> **WORK TO COMPLETE**:
With pictures left out, set down exactly the lines from the line containing "Ribbon lampeskærm hvid, Ø33 cm Umage" through the last line of the data.

::: DATASET ENTRIES :::

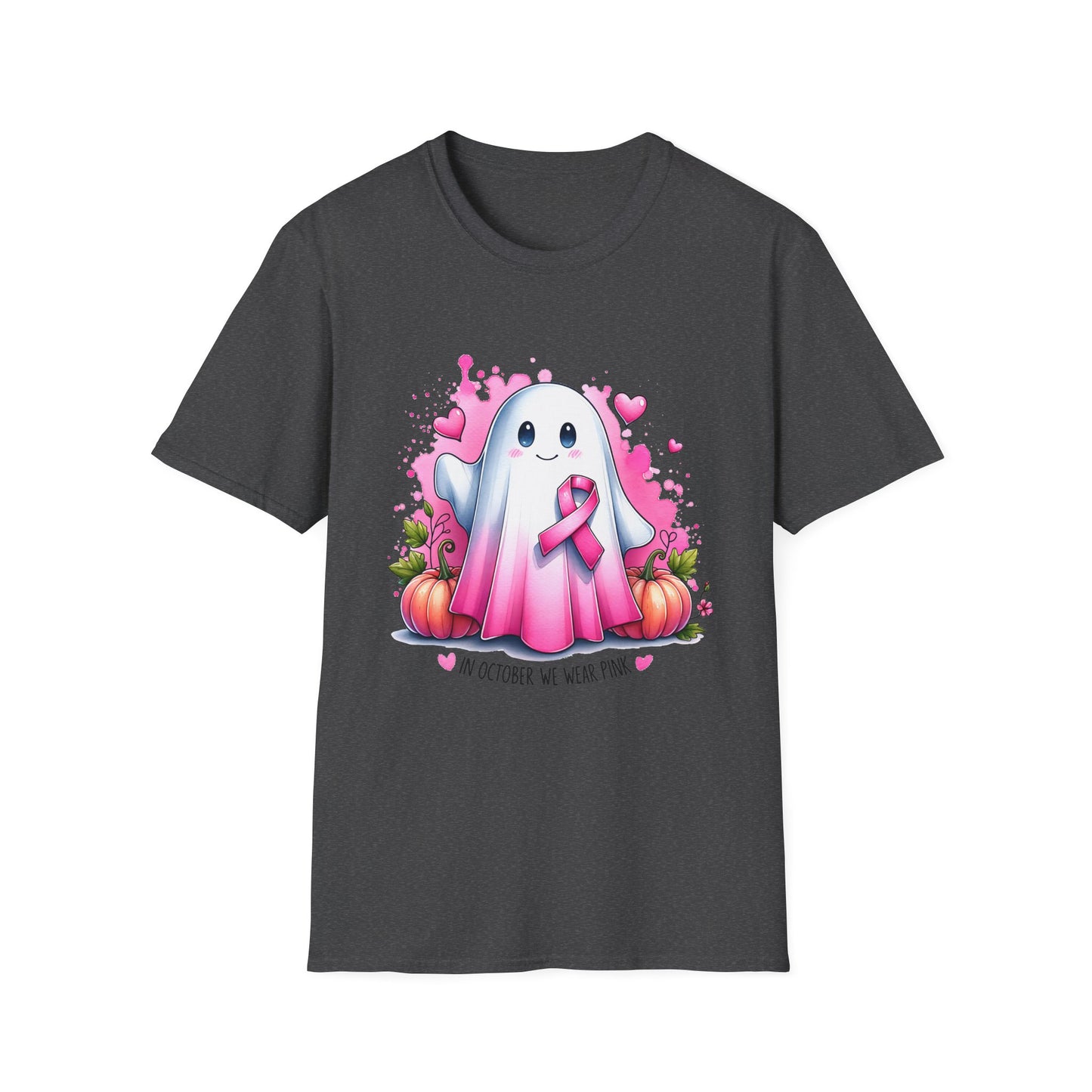 Cute Ghost Breast Cancer Awareness T-Shirt for October, Halloween Tee, Unisex Softstyle Shirt, Fall Fashion, Spooky Season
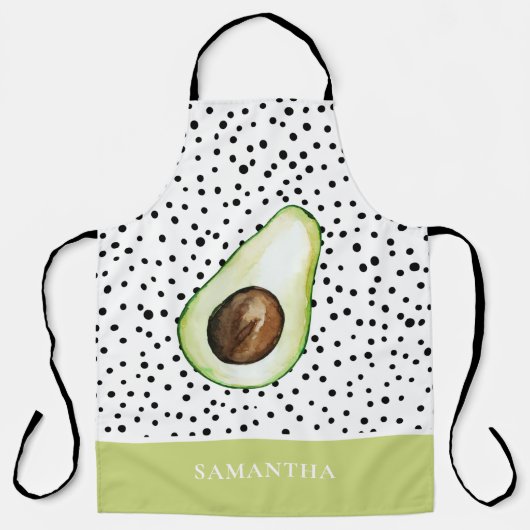 アボカモダンドのグパーソナライズされたリーン名 エプロン (正面)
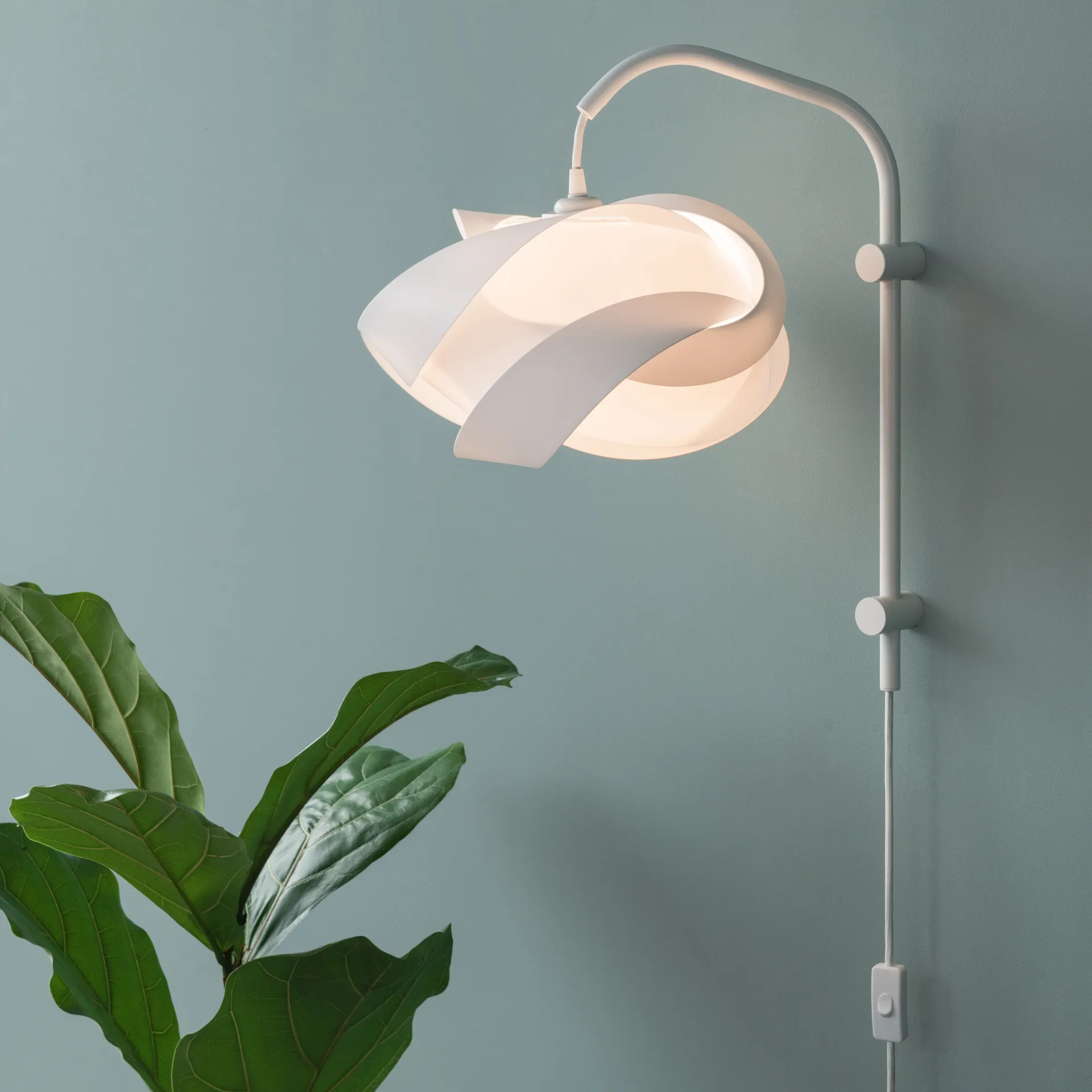 Ribbon lampeskærm hvid, Ø33 cm Umage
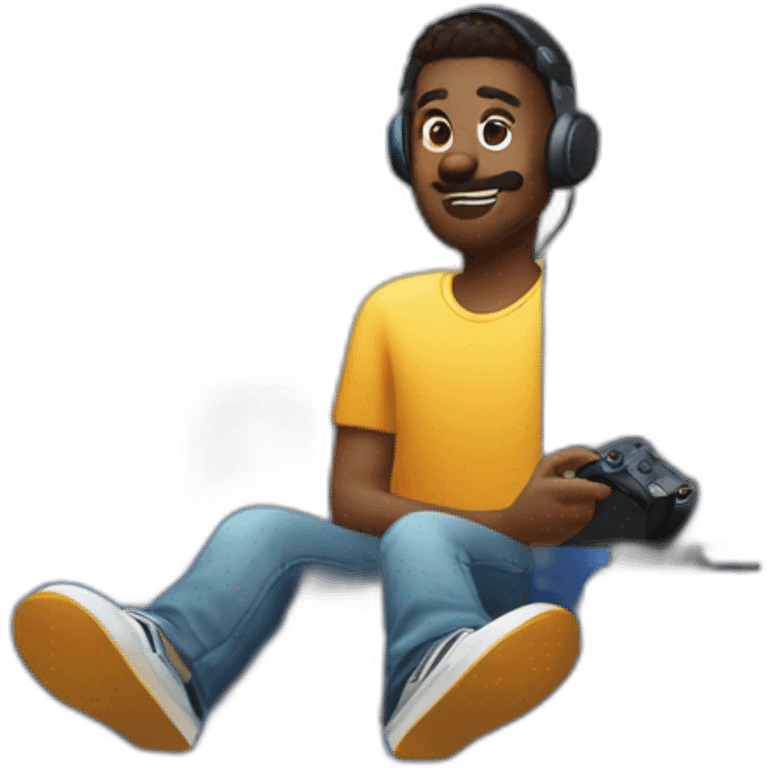 Homme qui joue au pc avec manette ps5 emoji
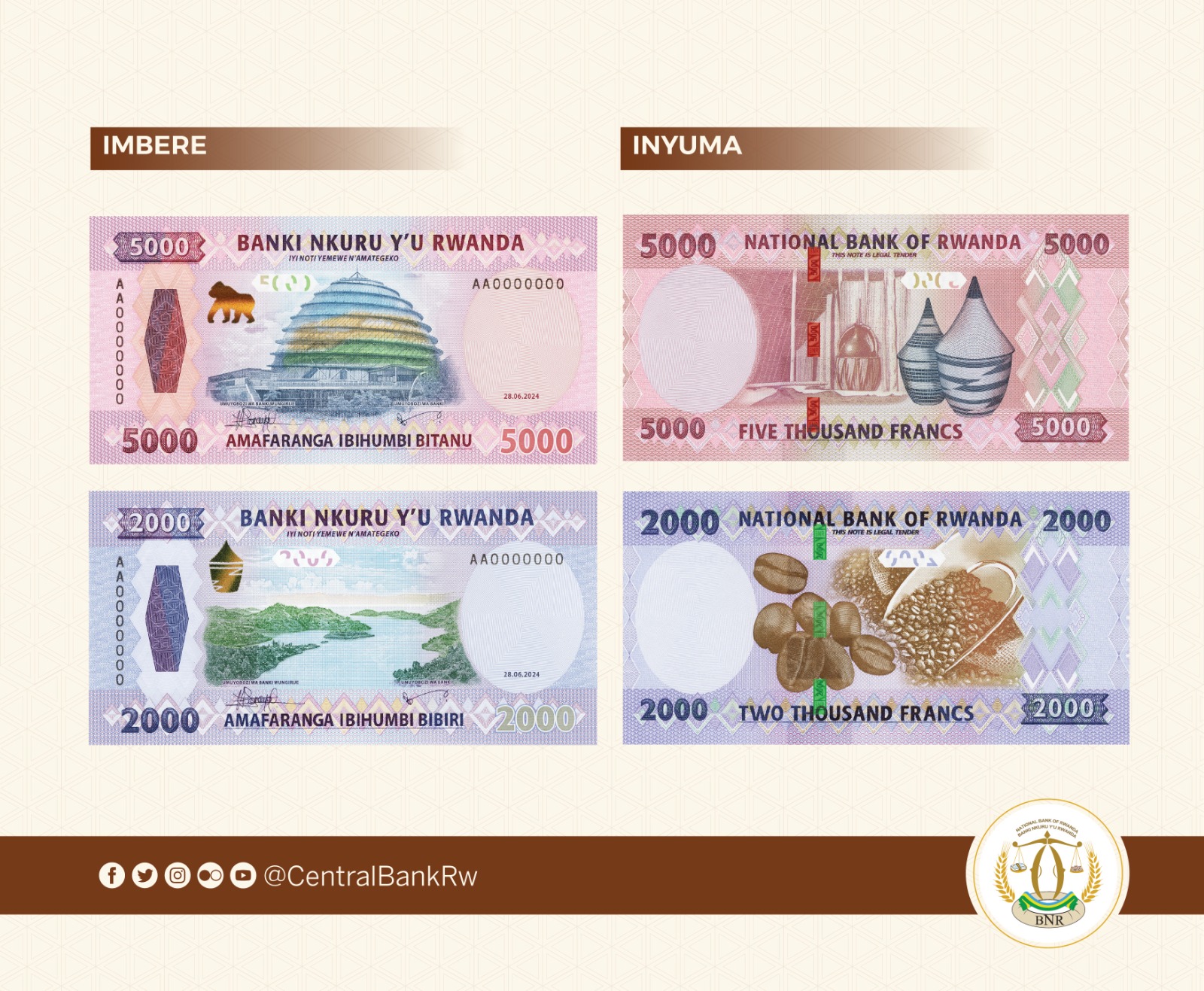 BNR yashyizeho inoti za 2000 Frw na 5000 Frw zifite ibimenyetso bishya (Amafoto)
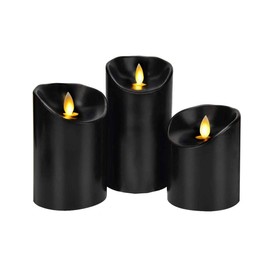 Ironwood Banana LED Flameless Candles Black 3 x 4/5/6inch Battery Operated LED Pillar Candles with Moving Flame Wick Pack of 3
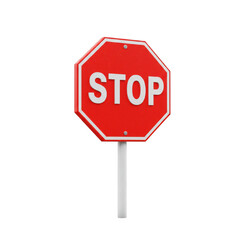 Isolated Octagonal Red Stop Sign with White Lettering Illustration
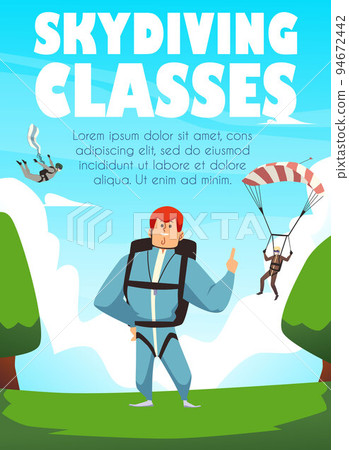 Skydiving classes banner or poster layout design flat vector illustration. Skydiving classes banner or poster layout design flat vector illustration. 94672442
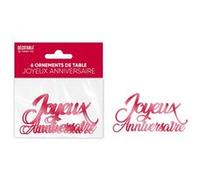 6 confettis anniversaire 13.5x4cm rouge - générique odt24ru Rouge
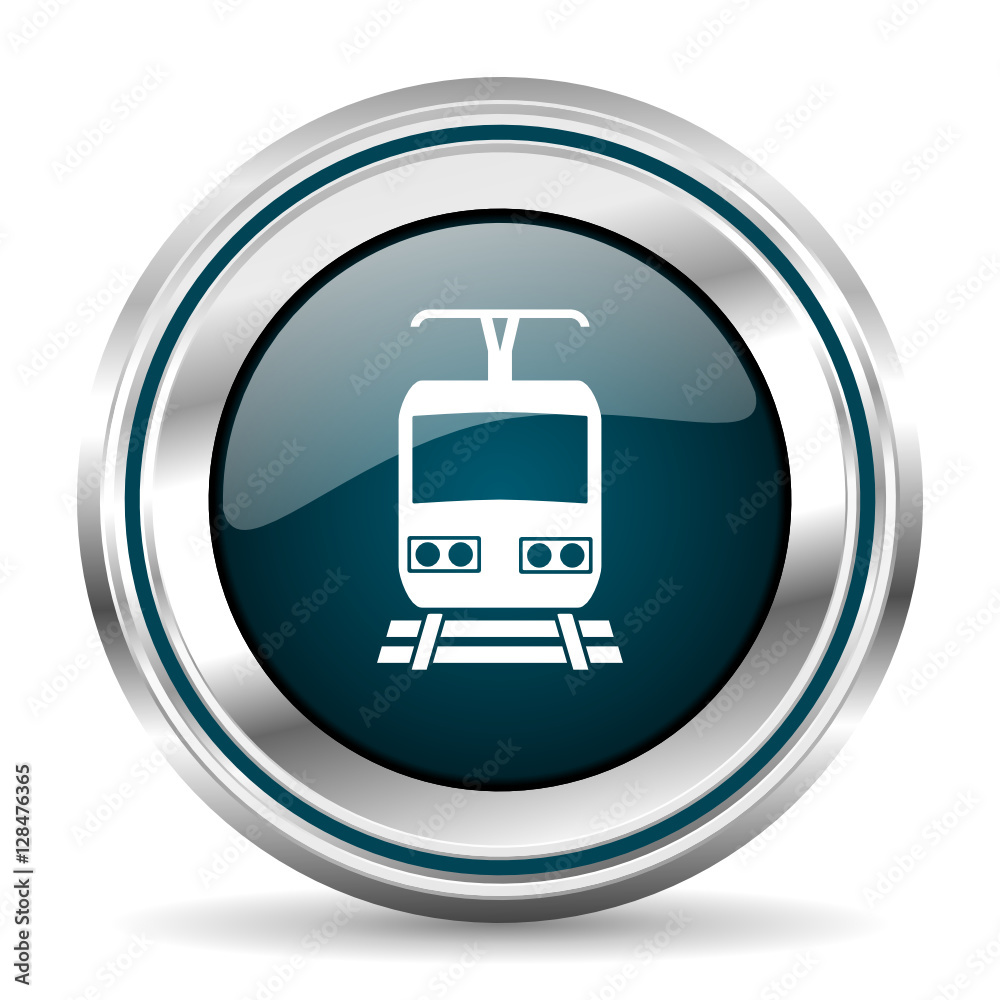 Poster Train vector icon. Chrome border round web button. Silver metallic pushbutton.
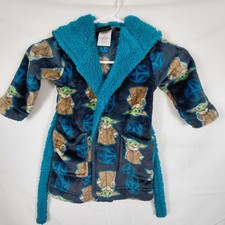 Kids Star Wars Mandalorian The Child Baby Yoda Fleece Robe Hooded Bathrobe
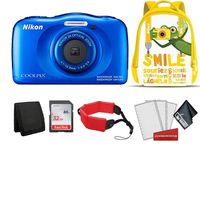 Nikon Coolpix W150 Kid-Friendly Rugged Waterproof Digital Camera (Blue) Bundle with Yellow Backpack + 32GB SanDisk Memory Card + More (International Model)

:::

> **ANSWER TO THIS TASK**:
 Ribbon lampeskærm hvid, Ø33 cm Umage
 Homme qui joue au pc avec manette ps5 emoji
 BNR yashyizeho inoti za 2000 Frw na 5000 Frw zifite ibimenyetso bishya (Amafoto)
 Ironwood Banana LED Flameless Candles Black 3 x 4/5/6inch Battery Operated LED Pillar Candles with Moving Flame Wick Pack of 3
 Isolated Octagonal Red Stop Sign with White Lettering Illustration
 Skydiving classes banner or poster layout design flat vector illustration. Skydiving classes banner or poster layout design flat vector illustration. 94672442
 6 confettis anniversaire 13.5x4cm rouge - générique odt24ru Rouge
 Poster Train vector icon. Chrome border round web button. Silver metallic pushbutton.
 Kids Star Wars Mandalorian The Child Baby Yoda Fleece Robe Hooded Bathrobe
 Nikon Coolpix W150 Kid-Friendly Rugged Waterproof Digital Camera (Blue) Bundle with Yellow Backpack + 32GB SanDisk Memory Card + More (International Model)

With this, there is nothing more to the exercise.